A fresh take is apparent from the surgical elimination of the spooky throat-clearing scene on the battlements of Castle Elsinore. In its place, a silent prologue spotlights the grief-stricken Hamlet (Leo Marks) kneeling before a towering cross at his father's funeral. Cutting to the unseemly revelry, two months later, at the marriage of Hamlet's mother, Gertrude (Lee Ann Manley), to his uncle Claudius (Paul Sulzman) neatly telescopes the two seismic events that threaten his sanity.
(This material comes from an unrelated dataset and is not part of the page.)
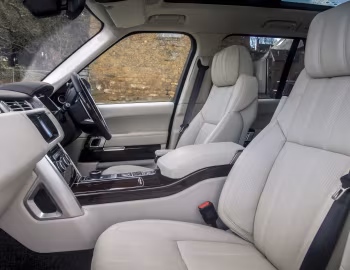 Interior Range Rover Autobiography Black Design Pack [UK-spec] (L405) '2013–17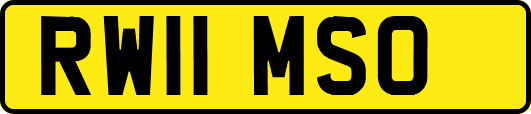 RW11MSO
No feigned madness for this melancholy Prince--a noble mind is here o'erthrown in Marks' edgy portrayals. The depths of his harrowing descent and hard-fought return are eloquently reflected in the heartfelt apology for his mental lapse that he offers to his mortal enemy Laertes (Brendan Bradley). Insight and feeling are hallmarks of the production's accessible, rapid-fire line readings, which are refreshingly free of mannered thespianship (one of the few dramatic pauses is amusingly placed after Polonius' promise "I will be brief").
Teeming with vitality and intensity, Kubzansky's in-your-face staging bursts from both ends of the reconfigured 80-seat venue through a central runway flanked by the two audience rows. The solid ensemble performances is heightened by Randall Tico's atmospheric sound design.